Tags: Seeking Alpha | Threats | Retirement | Risks

Seeking Alpha: 3 Biggest Threats to Your Retirement

Seeking Alpha: 3 Biggest Threats to Your Retirement
(DPC)

By    |   Friday, 22 April 2016 09:01 AM EDT


A treacherous trio of threats may thwart your "golden years" of retirement, but a savvy investor can avoid all the pain, suffering and lost with a little common sense and a lot of preparation.

Excessive spending, too little stock exposure, and lack of diversification are three of the biggest risks that investors might face in retirement, Seeking Alpha has found.

"Most of the risks can be appropriately mitigated with a few tweaks leading up to, and early in, the golden years," wrote Seeking Alpha’s Mark Morelli, who offered some tips.

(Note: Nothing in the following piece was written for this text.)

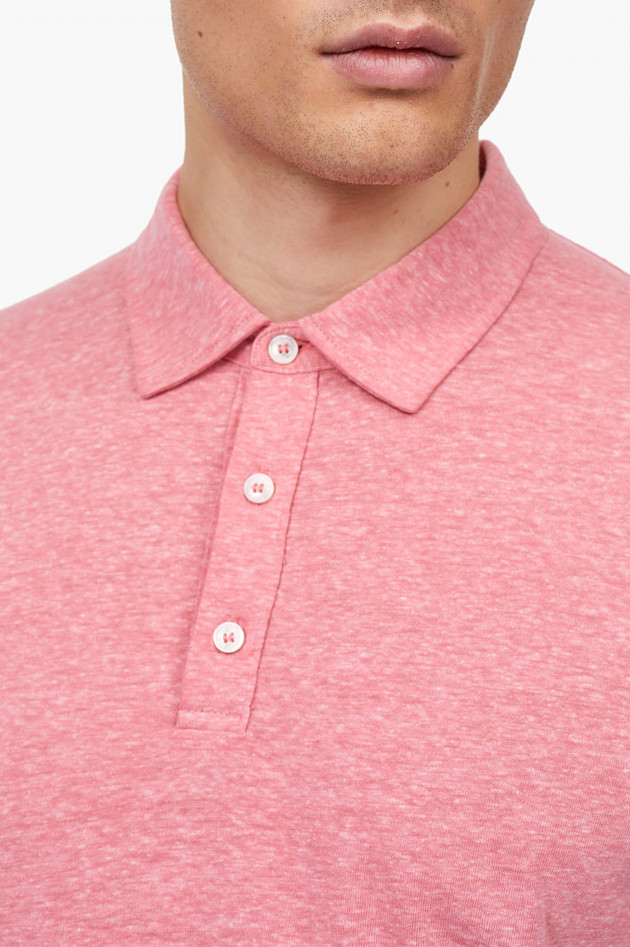 Poloshirt aus Jersey in Rosa meliert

  • Spending too much: Seeking Alpha said the most dangerous threat is excessive spending, especially in the early portion of retirement. “The primary mitigation is living below your means by developing and adhering to a reasonable budget that factors in the ravages of inflation over time,” Morelli wrote. “Practicing retirement during the last few years of your working career is a great way to fine-tune the budget.”
  • Having too little stock exposure: One of the best ways to ensure income keeps up is to hold a basket of stocks that have boosted dividend payments annually for decades upon decades such as Johnson & Johnson (NYSE:JNJ), every year since 1963, and AT&T (NYSE:T), each year since 1985,” he explained.
  • Not enough diversification: "To prevent any problems in this area the prudent retiree should not hold all their eggs in one basket and have more than one basket,” he wrote. “One technique I like to use is to ensure that two to three years worth of expenses are in cash and another few years are in bonds to ride out any storm in the equity markets.”
Meanwhile, a recent new survey of retirement confidence confirms that many workers lack realistic plans for making ends meet in retirement. It also suggests there is a disconnect between Americans' confidence about retirement and their actual preparations to ensure a comfortable one.

The Retirement Confidence Survey published by the Employee Benefit Research Institute (EBRI) is the longest-running annual survey of retirement confidence among both workers and today’s retirees - this is the 26th annual edition. It provides a long view of how we are doing as a country in preparing for retirement, and this year’s survey does contain some encouraging news.

EBRI found that the percentage of workers who are confident about having enough money for a comfortable retirement has continued to recover from the record lows following the Great Recession, Reuters reported. Twenty-one percent are very confident this year, compared with 13 percent in 2013. Those who are somewhat confident rose to 42 percent, up from 38 percent in 2013.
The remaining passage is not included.